ABOUT THIS EXERCISE: All lines from the one containing "Give Me History" through the last line of the listing should be given again exactly, with no pictures.

- - -

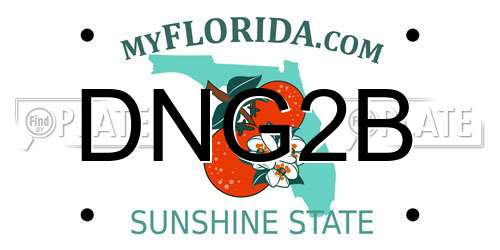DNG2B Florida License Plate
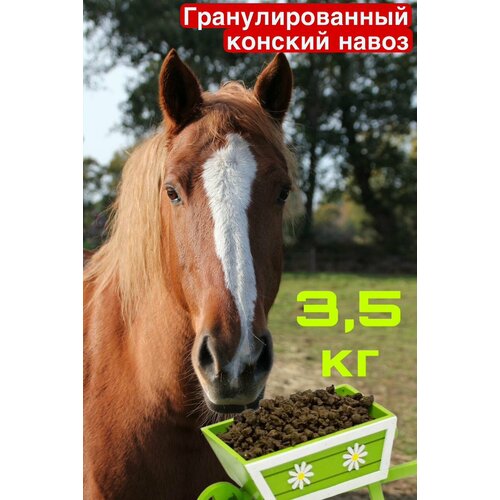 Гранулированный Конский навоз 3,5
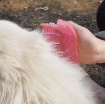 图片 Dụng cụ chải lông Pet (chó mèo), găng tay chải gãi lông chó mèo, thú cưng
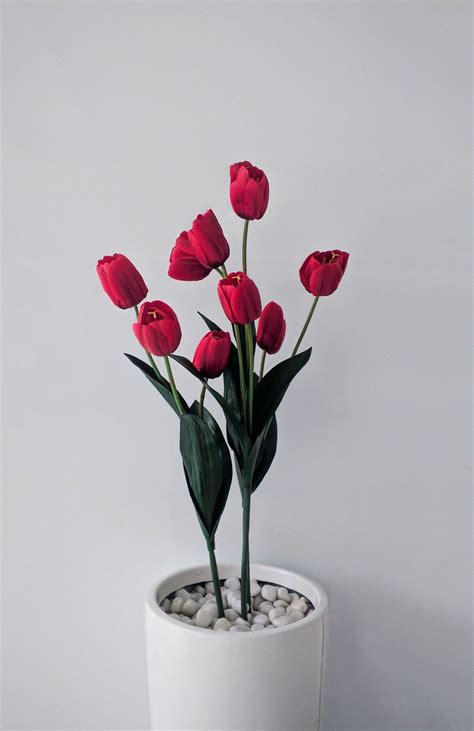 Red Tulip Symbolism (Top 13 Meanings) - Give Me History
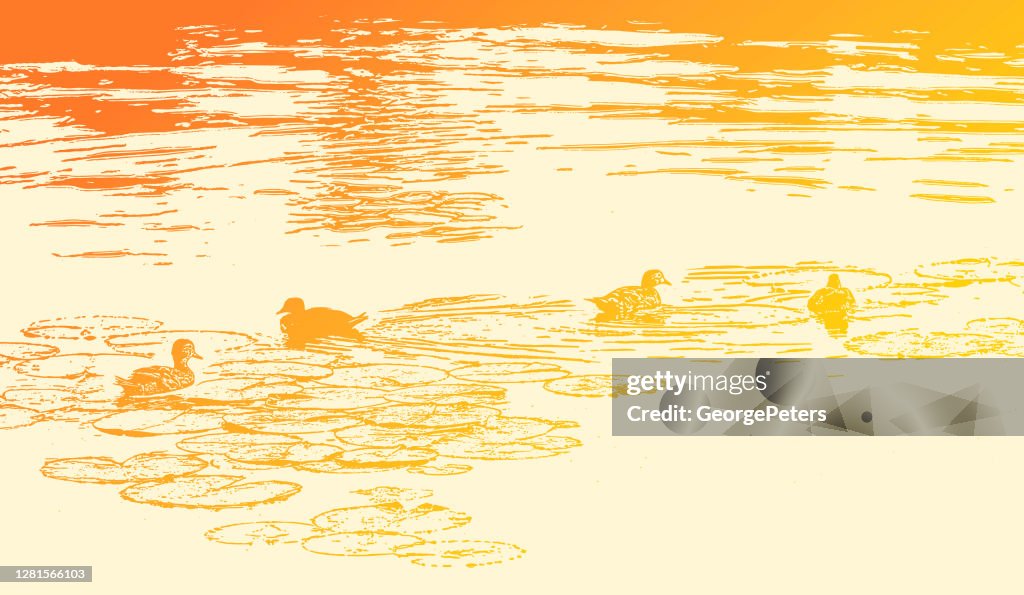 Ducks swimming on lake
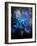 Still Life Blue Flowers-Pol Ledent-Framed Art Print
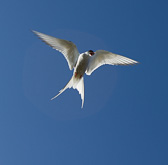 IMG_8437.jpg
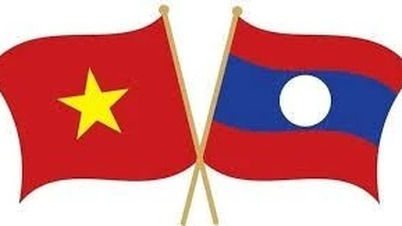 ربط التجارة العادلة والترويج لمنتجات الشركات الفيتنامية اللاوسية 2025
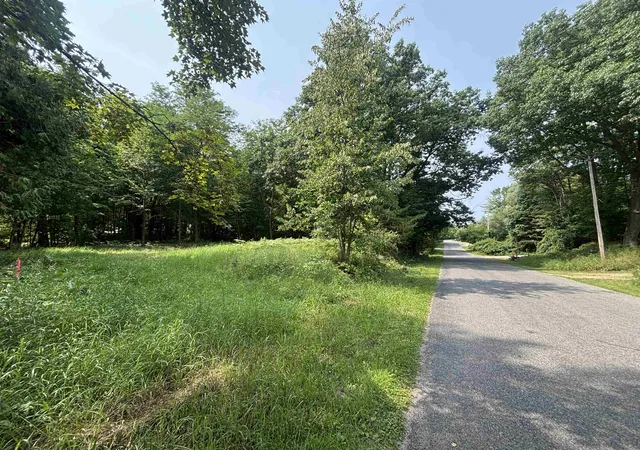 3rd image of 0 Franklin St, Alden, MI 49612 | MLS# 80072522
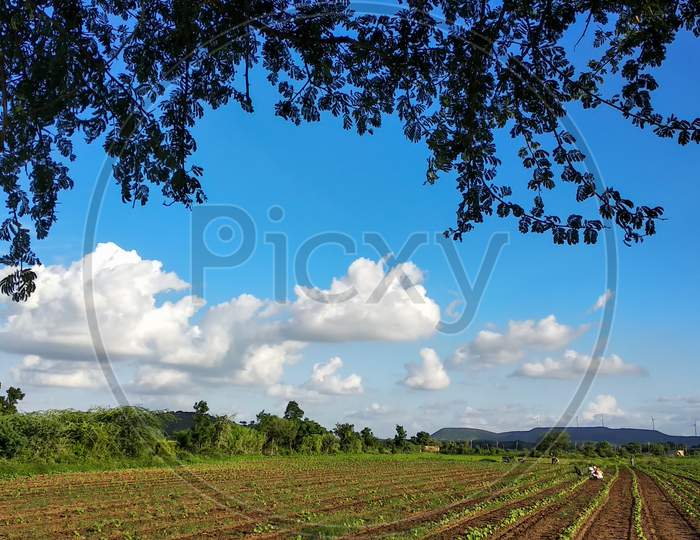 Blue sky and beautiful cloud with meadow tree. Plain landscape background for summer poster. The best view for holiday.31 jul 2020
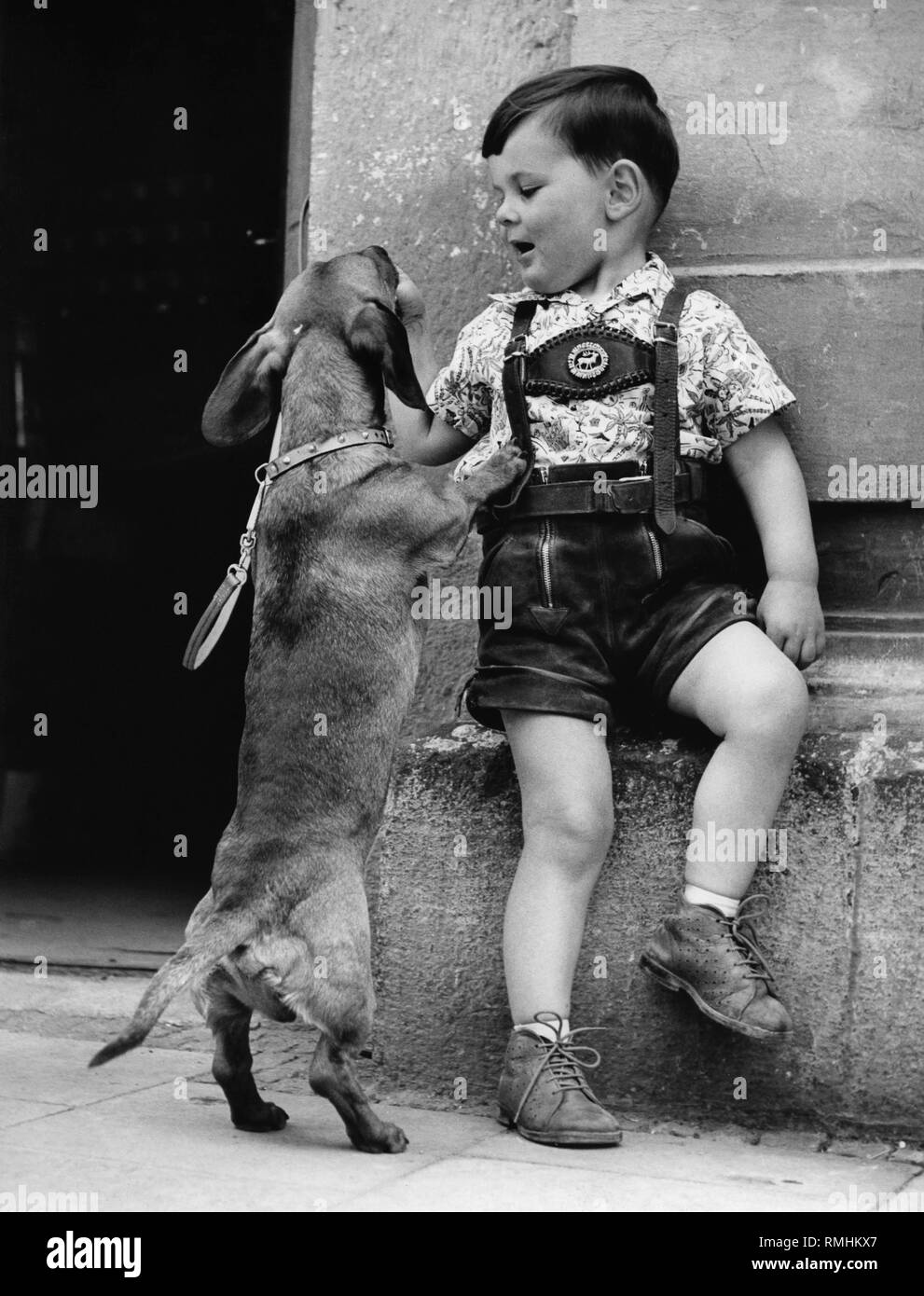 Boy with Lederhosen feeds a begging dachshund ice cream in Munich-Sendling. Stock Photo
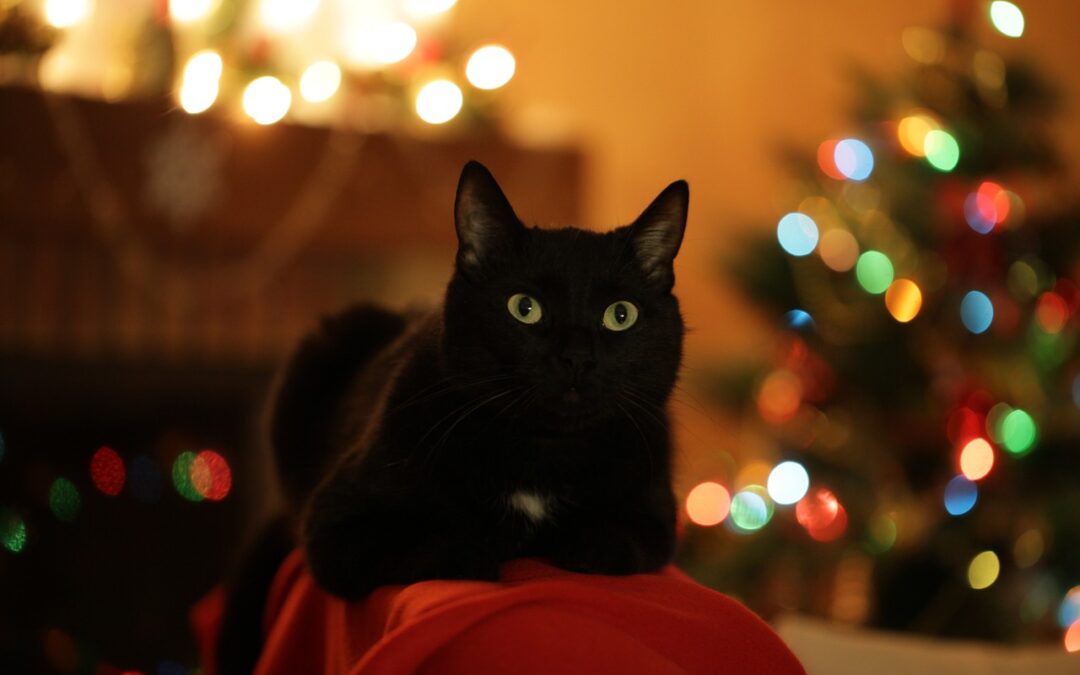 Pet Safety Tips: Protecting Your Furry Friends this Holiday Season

- - -

SOLVED EXERCISE:
 Red Tulip Symbolism (Top 13 Meanings) - Give Me History
 Ducks swimming on lake
 Still Life Blue Flowers-Pol Ledent-Framed Art Print
 IMG_8437.jpg
 ربط التجارة العادلة والترويج لمنتجات الشركات الفيتنامية اللاوسية 2025
 3rd image of 0 Franklin St, Alden, MI 49612 | MLS# 80072522
 Blue sky and beautiful cloud with meadow tree. Plain landscape background for summer poster. The best view for holiday.31 jul 2020
 Boy with Lederhosen feeds a begging dachshund ice cream in Munich-Sendling. Stock Photo
 Pet Safety Tips: Protecting Your Furry Friends this Holiday Season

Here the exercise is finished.